YOUR GOAL — Print the listing exactly, but only as far as the line containing "Clippers 'hopeful' Kawhi". The first line and that line are both included.

DATA TO EXAMINE —
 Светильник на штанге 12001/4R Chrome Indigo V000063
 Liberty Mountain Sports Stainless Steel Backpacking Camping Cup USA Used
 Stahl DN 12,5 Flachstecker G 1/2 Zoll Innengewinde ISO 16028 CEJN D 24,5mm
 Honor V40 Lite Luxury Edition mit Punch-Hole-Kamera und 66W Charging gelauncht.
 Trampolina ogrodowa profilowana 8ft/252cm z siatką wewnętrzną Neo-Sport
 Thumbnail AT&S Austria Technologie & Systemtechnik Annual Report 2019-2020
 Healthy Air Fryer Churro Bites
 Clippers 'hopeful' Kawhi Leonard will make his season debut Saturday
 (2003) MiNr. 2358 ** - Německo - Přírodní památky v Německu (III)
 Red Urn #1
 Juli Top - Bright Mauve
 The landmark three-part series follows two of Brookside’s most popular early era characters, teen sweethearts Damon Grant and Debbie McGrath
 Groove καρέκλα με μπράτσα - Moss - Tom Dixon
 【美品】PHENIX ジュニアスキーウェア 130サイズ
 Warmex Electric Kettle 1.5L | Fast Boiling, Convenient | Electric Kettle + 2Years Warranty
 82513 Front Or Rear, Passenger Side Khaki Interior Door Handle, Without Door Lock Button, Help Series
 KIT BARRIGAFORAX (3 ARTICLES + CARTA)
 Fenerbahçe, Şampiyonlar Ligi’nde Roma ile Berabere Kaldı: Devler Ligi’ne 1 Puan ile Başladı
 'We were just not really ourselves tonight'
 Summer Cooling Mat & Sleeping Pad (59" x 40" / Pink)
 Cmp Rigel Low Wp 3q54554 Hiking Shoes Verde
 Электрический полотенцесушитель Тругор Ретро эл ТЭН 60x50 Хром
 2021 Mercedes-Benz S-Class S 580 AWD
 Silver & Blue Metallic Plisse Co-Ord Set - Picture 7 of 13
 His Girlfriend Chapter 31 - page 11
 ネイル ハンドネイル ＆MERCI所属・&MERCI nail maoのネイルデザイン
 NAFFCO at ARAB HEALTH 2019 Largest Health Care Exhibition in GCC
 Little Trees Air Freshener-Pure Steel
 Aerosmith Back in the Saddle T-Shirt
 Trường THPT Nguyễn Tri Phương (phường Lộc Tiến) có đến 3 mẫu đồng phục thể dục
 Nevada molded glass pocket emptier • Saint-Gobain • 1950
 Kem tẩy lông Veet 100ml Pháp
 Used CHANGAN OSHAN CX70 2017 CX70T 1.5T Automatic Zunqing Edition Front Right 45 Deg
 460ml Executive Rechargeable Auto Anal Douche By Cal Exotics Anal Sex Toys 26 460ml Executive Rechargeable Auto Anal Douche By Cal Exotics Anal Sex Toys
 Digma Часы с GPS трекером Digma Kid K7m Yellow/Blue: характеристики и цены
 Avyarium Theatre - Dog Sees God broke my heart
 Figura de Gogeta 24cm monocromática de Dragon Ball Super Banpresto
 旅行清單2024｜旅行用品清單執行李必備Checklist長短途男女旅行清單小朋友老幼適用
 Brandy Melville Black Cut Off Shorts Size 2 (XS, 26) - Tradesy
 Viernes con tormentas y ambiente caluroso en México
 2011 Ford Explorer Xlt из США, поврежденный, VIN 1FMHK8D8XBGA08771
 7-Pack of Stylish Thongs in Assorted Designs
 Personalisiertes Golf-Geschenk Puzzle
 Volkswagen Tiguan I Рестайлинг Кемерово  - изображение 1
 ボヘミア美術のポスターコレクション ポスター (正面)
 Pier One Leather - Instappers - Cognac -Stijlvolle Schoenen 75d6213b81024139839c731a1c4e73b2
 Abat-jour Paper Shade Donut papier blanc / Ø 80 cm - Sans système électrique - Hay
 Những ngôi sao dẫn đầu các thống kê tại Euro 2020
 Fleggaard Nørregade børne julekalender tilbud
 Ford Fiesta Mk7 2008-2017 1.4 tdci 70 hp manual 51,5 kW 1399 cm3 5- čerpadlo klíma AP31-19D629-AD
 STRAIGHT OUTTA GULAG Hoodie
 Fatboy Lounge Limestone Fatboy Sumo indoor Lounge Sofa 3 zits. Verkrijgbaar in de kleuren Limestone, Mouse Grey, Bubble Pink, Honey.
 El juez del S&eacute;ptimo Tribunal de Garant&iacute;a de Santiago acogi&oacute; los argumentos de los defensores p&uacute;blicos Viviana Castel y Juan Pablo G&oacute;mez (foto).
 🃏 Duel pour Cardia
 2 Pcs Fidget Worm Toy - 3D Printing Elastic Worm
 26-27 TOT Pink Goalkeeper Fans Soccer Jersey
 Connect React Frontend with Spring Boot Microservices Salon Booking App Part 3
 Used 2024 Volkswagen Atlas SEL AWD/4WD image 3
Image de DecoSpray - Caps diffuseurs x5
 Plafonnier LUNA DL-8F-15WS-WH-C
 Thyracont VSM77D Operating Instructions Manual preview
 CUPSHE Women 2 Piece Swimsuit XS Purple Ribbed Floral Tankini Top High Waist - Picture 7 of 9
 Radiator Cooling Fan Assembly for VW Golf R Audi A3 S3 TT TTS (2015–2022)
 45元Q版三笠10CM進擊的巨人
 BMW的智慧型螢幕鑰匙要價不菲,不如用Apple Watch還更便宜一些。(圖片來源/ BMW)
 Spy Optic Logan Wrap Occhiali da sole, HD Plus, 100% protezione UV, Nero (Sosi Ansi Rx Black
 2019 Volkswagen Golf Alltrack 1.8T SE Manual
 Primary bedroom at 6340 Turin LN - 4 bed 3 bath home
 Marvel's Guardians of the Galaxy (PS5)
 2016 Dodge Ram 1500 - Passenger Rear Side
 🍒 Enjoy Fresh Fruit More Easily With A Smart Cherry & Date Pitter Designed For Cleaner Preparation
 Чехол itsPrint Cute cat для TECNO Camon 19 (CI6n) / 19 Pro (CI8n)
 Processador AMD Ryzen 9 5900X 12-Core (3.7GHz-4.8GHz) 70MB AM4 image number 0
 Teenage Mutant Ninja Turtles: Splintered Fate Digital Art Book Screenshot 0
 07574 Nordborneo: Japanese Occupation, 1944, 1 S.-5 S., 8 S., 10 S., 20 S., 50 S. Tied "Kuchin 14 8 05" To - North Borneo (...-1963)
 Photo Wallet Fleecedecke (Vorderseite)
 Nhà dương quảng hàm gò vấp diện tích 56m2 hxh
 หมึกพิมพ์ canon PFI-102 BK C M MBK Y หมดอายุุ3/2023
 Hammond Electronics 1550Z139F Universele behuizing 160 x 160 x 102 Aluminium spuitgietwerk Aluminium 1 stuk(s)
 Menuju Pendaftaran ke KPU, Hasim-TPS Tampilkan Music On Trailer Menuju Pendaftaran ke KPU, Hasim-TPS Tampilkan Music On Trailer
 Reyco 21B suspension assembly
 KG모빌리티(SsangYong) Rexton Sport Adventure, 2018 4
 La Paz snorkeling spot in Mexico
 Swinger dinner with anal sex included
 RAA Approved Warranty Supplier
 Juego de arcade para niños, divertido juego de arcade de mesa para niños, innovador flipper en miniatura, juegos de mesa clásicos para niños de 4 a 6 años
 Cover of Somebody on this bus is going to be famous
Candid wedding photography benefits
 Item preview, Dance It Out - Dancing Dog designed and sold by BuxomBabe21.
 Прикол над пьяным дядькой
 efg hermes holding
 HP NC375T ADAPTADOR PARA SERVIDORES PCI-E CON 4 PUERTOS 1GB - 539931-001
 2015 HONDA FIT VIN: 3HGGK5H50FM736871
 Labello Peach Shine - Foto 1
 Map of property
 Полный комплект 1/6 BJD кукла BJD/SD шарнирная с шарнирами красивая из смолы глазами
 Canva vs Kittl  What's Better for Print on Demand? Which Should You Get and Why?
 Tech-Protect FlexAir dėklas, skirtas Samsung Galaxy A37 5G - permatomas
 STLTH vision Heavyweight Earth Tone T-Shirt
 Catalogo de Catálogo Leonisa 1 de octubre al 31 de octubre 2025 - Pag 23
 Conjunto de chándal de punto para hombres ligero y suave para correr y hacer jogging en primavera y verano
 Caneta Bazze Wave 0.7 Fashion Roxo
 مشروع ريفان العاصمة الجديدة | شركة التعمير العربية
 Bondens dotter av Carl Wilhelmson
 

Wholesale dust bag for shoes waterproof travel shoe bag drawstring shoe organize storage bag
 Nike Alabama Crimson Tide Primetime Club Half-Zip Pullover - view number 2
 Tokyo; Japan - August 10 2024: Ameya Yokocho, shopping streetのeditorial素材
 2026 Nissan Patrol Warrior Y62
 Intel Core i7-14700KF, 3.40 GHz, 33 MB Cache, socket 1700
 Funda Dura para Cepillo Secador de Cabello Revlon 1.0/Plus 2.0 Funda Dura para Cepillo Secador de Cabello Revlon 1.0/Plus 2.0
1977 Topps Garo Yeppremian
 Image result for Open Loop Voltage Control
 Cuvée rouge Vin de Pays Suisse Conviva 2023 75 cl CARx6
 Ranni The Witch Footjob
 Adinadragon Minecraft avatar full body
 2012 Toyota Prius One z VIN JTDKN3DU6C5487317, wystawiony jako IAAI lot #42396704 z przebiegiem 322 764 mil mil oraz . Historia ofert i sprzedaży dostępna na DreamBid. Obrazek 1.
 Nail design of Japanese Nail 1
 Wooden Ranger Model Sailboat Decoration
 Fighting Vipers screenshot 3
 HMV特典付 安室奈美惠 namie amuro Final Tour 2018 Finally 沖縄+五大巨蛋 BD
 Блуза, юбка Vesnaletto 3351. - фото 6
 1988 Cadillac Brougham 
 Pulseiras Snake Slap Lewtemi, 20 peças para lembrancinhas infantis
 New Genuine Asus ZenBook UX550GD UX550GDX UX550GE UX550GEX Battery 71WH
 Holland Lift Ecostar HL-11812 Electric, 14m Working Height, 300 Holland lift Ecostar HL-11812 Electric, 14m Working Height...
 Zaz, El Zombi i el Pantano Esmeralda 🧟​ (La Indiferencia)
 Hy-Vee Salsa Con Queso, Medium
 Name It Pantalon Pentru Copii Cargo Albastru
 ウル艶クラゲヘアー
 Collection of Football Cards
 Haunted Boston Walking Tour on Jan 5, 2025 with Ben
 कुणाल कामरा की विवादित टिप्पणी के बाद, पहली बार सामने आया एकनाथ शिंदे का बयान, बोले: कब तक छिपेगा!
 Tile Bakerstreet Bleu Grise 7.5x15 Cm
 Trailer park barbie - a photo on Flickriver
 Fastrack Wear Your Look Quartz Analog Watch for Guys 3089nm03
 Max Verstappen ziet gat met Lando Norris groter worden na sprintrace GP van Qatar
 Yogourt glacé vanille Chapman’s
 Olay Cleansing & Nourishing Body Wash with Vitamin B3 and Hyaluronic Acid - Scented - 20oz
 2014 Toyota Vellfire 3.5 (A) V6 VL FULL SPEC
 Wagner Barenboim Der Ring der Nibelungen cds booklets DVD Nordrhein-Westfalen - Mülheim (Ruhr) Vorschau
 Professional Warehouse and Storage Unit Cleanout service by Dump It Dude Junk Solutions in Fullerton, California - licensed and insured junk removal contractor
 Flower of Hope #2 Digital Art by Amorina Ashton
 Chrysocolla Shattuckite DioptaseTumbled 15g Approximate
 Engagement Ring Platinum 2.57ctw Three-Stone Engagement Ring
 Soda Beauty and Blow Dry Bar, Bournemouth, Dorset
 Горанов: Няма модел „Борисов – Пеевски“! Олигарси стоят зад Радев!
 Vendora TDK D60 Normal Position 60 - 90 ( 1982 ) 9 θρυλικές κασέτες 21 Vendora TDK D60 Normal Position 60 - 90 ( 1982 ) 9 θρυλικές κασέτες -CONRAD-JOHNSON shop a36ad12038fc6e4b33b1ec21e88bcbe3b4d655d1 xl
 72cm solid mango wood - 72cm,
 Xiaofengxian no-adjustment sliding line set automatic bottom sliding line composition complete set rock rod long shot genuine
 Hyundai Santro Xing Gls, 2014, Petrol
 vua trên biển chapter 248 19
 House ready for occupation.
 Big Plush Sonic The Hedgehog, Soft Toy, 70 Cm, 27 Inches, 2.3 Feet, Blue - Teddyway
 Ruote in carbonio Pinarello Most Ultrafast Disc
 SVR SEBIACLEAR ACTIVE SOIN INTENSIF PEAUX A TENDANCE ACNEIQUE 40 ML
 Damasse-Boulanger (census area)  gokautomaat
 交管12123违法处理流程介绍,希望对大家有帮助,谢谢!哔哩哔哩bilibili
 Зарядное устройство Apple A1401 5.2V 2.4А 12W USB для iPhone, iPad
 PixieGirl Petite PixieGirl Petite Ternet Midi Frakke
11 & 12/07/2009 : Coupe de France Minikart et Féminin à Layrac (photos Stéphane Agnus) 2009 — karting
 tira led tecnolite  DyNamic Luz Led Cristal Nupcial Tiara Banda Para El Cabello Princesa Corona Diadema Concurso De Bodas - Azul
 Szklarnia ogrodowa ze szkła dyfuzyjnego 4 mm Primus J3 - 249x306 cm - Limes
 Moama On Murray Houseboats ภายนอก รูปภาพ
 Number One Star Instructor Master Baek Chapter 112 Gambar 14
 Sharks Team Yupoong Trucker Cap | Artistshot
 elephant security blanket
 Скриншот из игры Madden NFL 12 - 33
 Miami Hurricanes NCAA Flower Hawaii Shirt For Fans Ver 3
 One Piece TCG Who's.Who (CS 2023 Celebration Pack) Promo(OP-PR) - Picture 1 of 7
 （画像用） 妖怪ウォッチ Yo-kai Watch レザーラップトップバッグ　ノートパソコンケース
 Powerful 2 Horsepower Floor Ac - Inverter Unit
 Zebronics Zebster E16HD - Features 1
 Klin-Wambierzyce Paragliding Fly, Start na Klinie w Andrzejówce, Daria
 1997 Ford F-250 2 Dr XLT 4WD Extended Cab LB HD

WRITTEN RESPONSE —
 Светильник на штанге 12001/4R Chrome Indigo V000063
 Liberty Mountain Sports Stainless Steel Backpacking Camping Cup USA Used
 Stahl DN 12,5 Flachstecker G 1/2 Zoll Innengewinde ISO 16028 CEJN D 24,5mm
 Honor V40 Lite Luxury Edition mit Punch-Hole-Kamera und 66W Charging gelauncht.
 Trampolina ogrodowa profilowana 8ft/252cm z siatką wewnętrzną Neo-Sport
 Thumbnail AT&S Austria Technologie & Systemtechnik Annual Report 2019-2020
 Healthy Air Fryer Churro Bites
 Clippers 'hopeful' Kawhi Leonard will make his season debut Saturday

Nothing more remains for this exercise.